Personal Blog

Aishiteru: Buku, Penulis, Inspirasi, dan Moralitasnya

Walau raga kita terpisah jauh
Namun hati kita selalu dekat
Bila kau rindu pejamkan matamu
Dan rasakan aa…aku…
Kekuatan cinta kita takkan pernah rapuh
Terhapus ruang dan waktu…


Ah, indah benar lagu Aishiteru ini. Meski vokalisnya kesandung kasus KDRT, bodoh amatlah, itu urusan personal dia, nggak ada kaitannya dengan karyanya. Begitu juga seabrek kasus video Ariel Peterpan, bodoh amat jugalah, toh karya-karyanya sangat menginspirasi banyak sekali penikmatnya. Buat apa sih membahas aib orang lain, yang kelak akan dipertanggungjawabkannya sendiri di hadapan Tuhan? Bukankah Tuhan telah menegaskan barang siapa yang mengumbar aib orang, maka kelak di hadapan-Nya akan diumbar juga semua aibnya?
Ah, infotainment memang gila! Segila para pemirsanya yang selalu haus akan borok-borok orang lain di negeri ini! Atau, jangan-jangan negeri ini saja yang telah gila?!
Wwkkk…wkkkk…kalau sudah begini, kayak ustadz saja, ceramah sambil nesu-nesu, kultuman membahas tentang pentingnya kesabaran sambil menggebrak-gebrak podiumnya…xiiii…xiiiiiixixixiii…
Lalu, banyak pertanyaan menyeruak pepat, kalau begitu, di mana letak moralitas sang pencipta atau pelakunya?
Moralitas, moralitas, moralitas…
Kata yang amat sakti mandraguna, lebih memikat bahkan disbanding si Mandra sendiri, tetapi amat sangat sukar diwujudkan sebagai action! Ia lebih indah bagi jiwa kita sebagai lipstik, ucapan, pemanis bibir seksi, bukan action!
Dalam karut-marut kehidupan metro saat ini, saya sendiri kok lebih suka melakukan pemisahan antara moralitas pencipta dengan karyanya yang menyuarakan moralitas ya. Pikiran saya sederhana saja: saat saya membaca buku atau mendengarkan lagu atau menyimak khutbah agama sekalipun, sungguh yang tengah terjadi pada diri saya adalah internalisasi nilai-nilai bacaan atau pendengaran, bukan sang pencipta atau sang pengucap, bukan sang penyanyi atau penulis.
Proses internalisasi antara nyanyian atau bacaan itulah yang kemudian menancapkan nilai-nilai bermakna pada jiwa saya, bukan materi fisikal dari media yang menjadi penopang proses internalisasi.
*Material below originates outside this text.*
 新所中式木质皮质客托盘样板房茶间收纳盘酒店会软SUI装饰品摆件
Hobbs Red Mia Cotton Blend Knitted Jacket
Sungguh tak ada bedanya apakah saya membaca buku itu dalam cetakan kertas buram yang melas prihatin itu ataukah dalam kertas HVS atau artpaper yang kempling mahal ra umum itu! Juga tak masalah apakah buku itu dicetak di Kota Kembang ataukah Niaga Swadaya! Juga apakah nyetaknya bayar cash atau ngutang!
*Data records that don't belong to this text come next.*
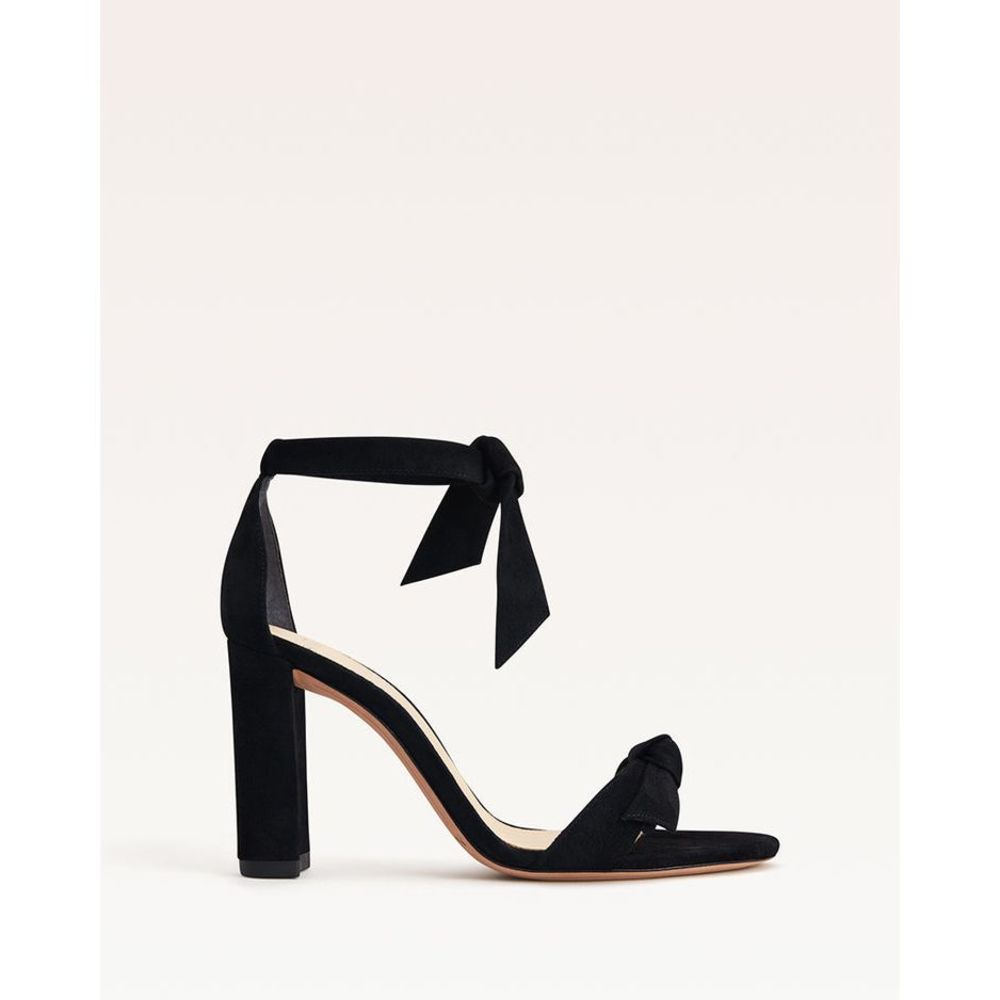 Alexandre Birman Black Suede Knot Ankle-Tie Block Heel Sandals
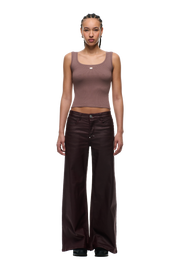 WMNS WIDE DENIM DARK BURGUNDY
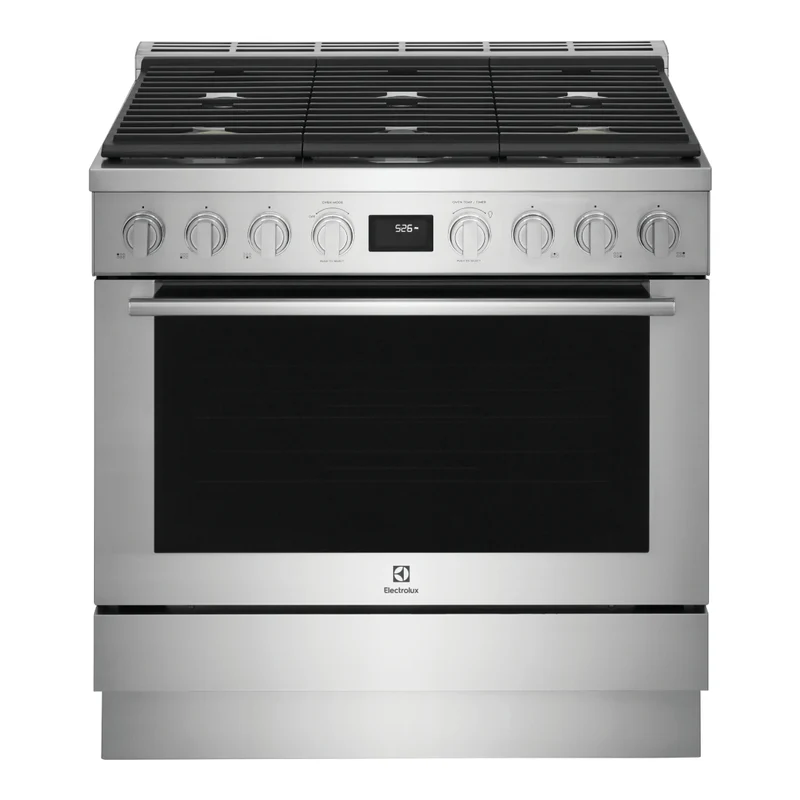 Cuisinière biénergie 36 po, 4,4 pi³ Inox avec Brûleurs à double flamme et Convection double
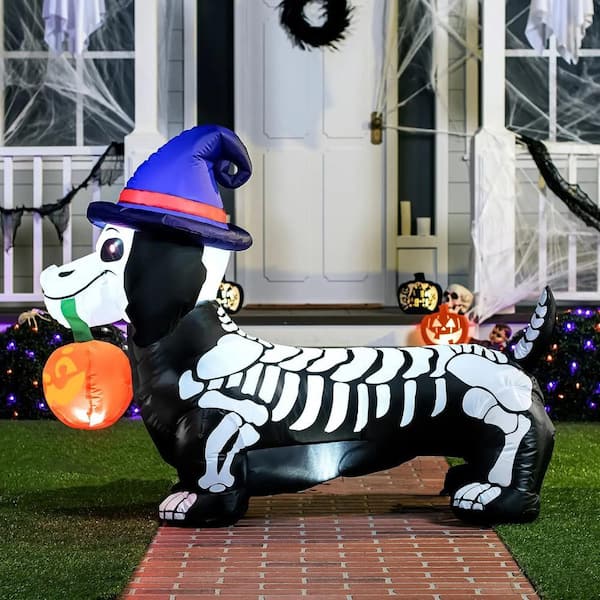 Joyfy Syncfun 5 Ft Long Skeleton Wiener Dog Inflatable for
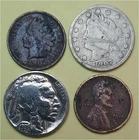 Lot of 4 Old Coins – 1 Indian Head Penny, 1 Lib V 5c, 1 Buffalo 5c & 1 Linc 1c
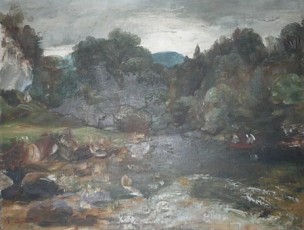 Paysage de rivière avec barque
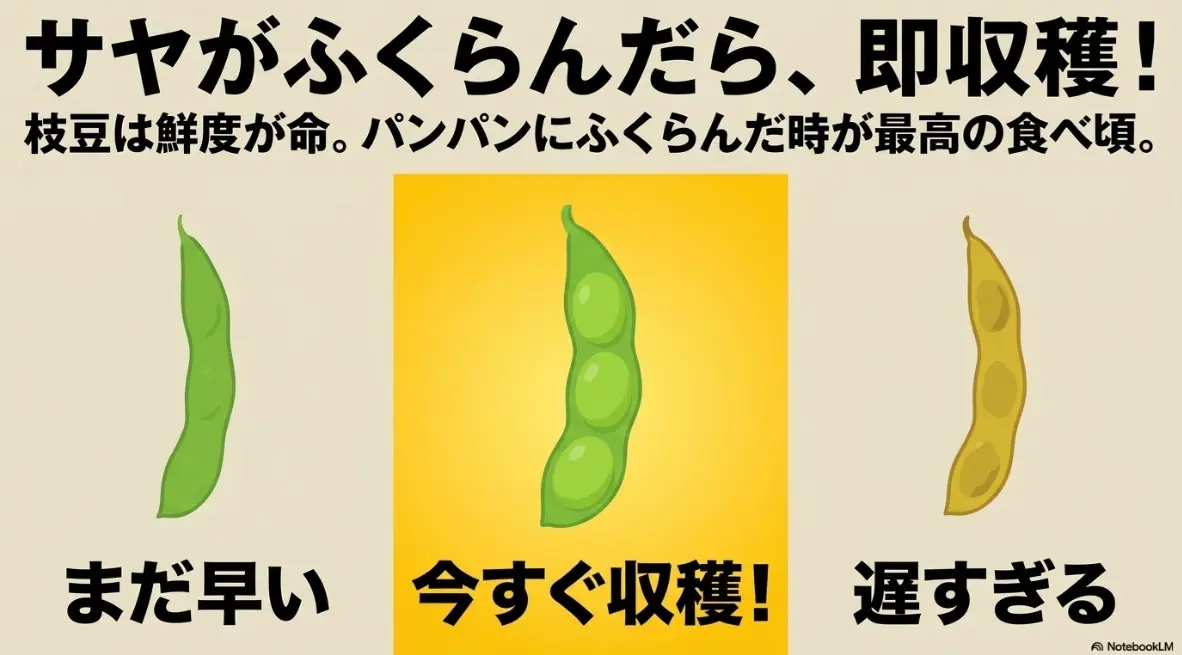 パンパンに膨らんだ枝豆の最高の食べ頃と最適な収穫時期を示すイラスト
Halaahhh, nggak penting banget semua media fisikal itu. Sekali lagi, nilai-nilai yang terkandung dalam buku itulah yang penting, yang menginternalisasi saat dibaca.
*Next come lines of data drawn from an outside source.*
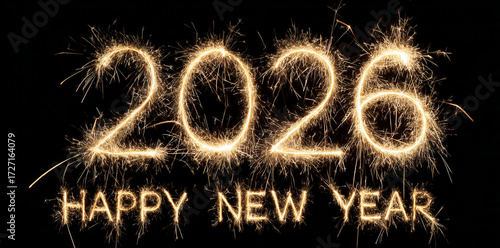 Fireworks display welcoming the new year 2026 with bright lights and festive spirit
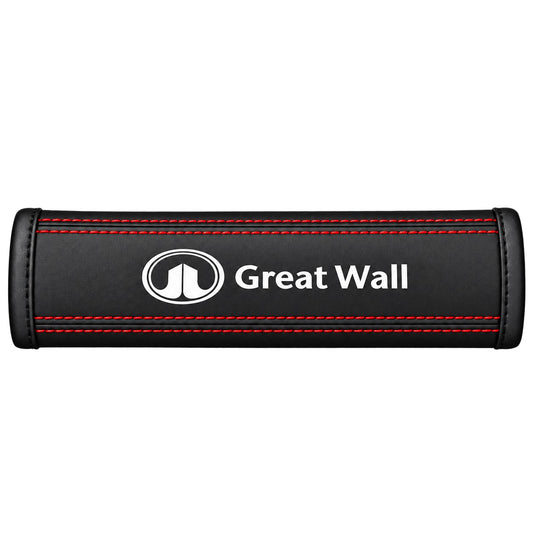 Great Wall leather seat belt shoulder cover pad with red stitching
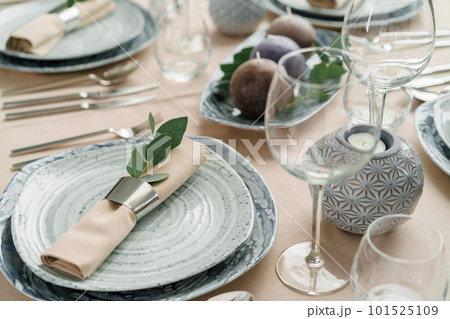 Luxury table setting for dining in pastel colors close up 101525109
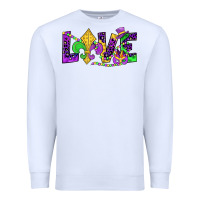 White mardi gras love Premium Sweatshirt - JahusDesignShop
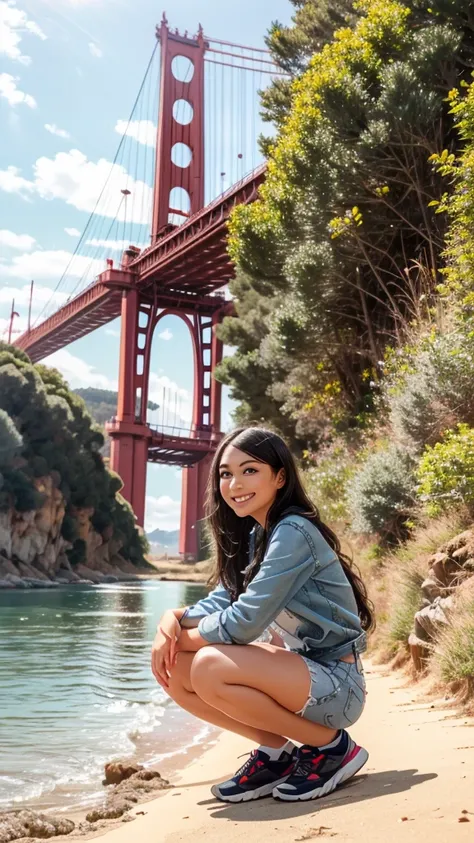 the sea, the huge steel suspension bridge in the background, the gate bridge,
girl, smile, angle, pose, casual, 
squat, 
lens fl...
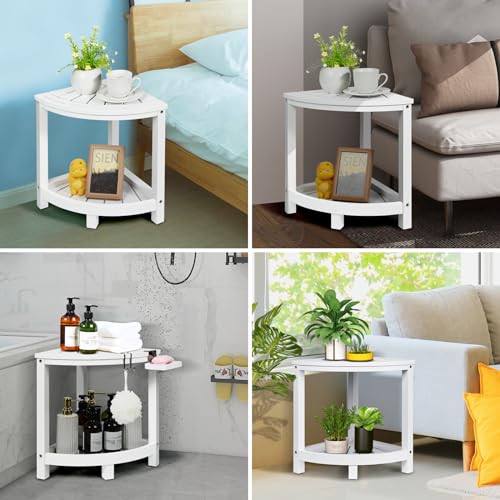 Ollieroo 2-Tier Bamboo Shower Stool with Storage Shelf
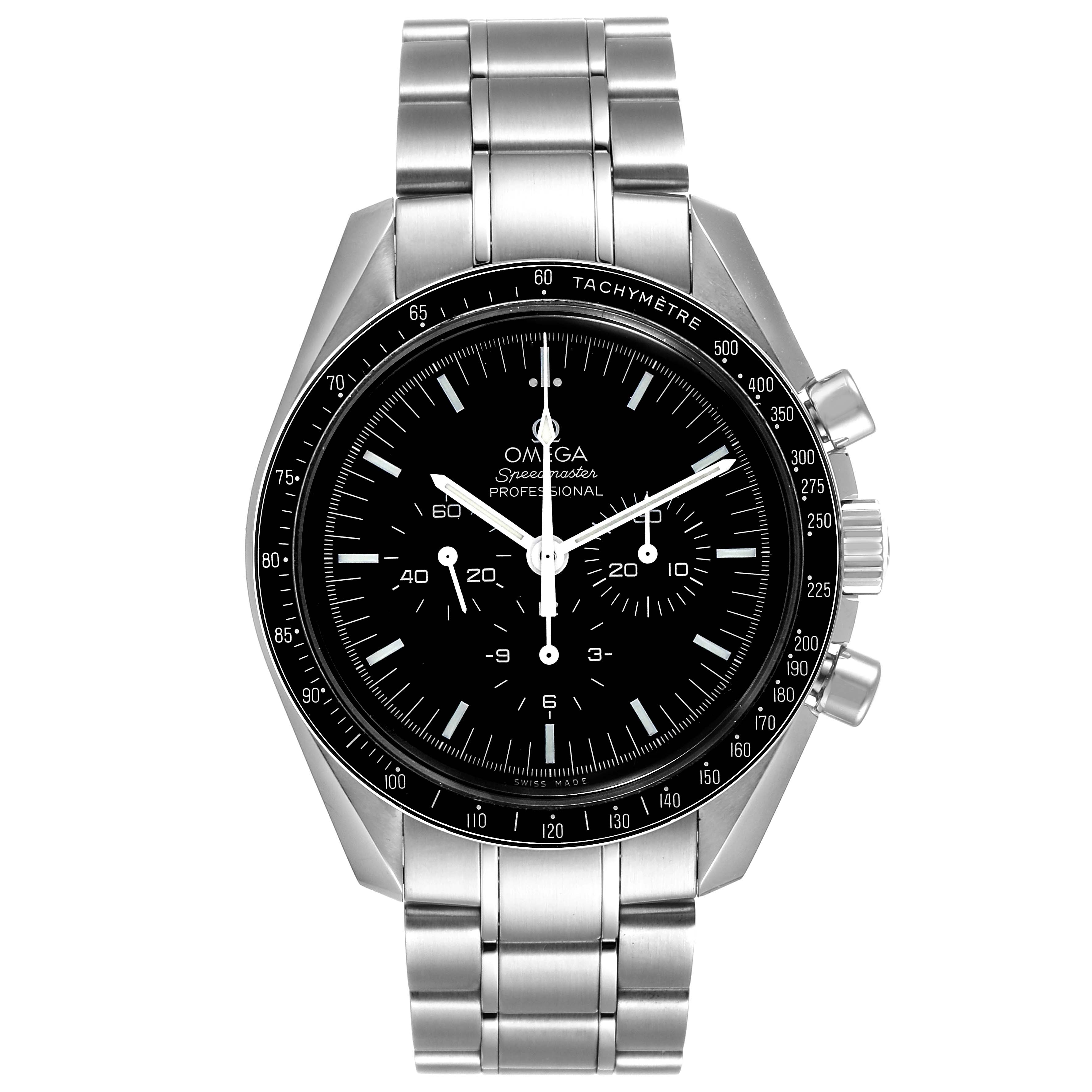 This Omega Speedmaster 311.30.42.30.01.005 Men
s Stainless Steel Black Dial 311.30.42.30.01.005 Men
s Stainless Steel Black Dial watch is shown from a top-down angle, displaying its face, bezel, and metal bracelet.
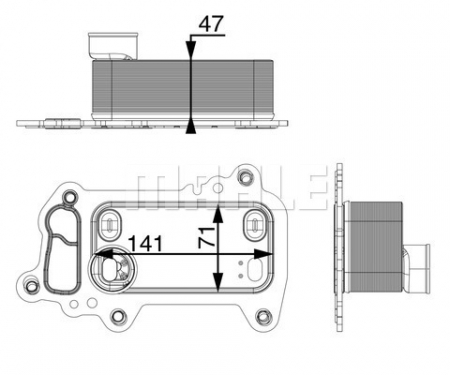Radiator ulei termoflot potrivit BMW Seria 1 (E81), 1 (E82), 1 (E87), 1 (E88), 3 (E90), 3 (E91), 3 (E92), 3 (E93), 5 (E60), 5 (E61), X1 (E84), X3 (E83) 2.0D 12.04-06.15 [1]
Bro/Sist, suka nggak suka, meminjam pikiran Kang Gadamer dan Mas Ricoeur, akan selalu terjadi diffusion of horizons antara teks yang ditulis sang pengarang (what is said) dengan pembaca yang melakukan pembacaan padanya (the act of saying).
Contoh, sedahsyat itu setiap tulisan Mario Teguh, sungguh kita nggak pernah tahu kualitas hubungan Mario Teguh dengan Tuhannya. Kalau kemudian ada ketaksempurnaan dalam diri Mario Teguh, apakah semua pikiran, karya, dan ucapannya menjadi kehilangan inspirasi?
Nggaklah!
Sama dengan tidak akan pernah mampunya kita untuk memvonis Aa’ Gym sebagai kurang bermoral lantaran suatu perilaku yang diyakininya sebagai yang baik dulu itu (wegah aku nyebutin…).
So, moralitas semestinya diberdirikan sebagai dirinya sendiri. Apakah sang pencipta atau penulis kemudian melakoni karyanya sendiri yang mengusung inspirasi itu, biarlah itu menjadi urusan penulisnya. Karya tetap akan menjadi karya yang kaya inspirasi sekalipun tidak selaras dengan action penciptanya.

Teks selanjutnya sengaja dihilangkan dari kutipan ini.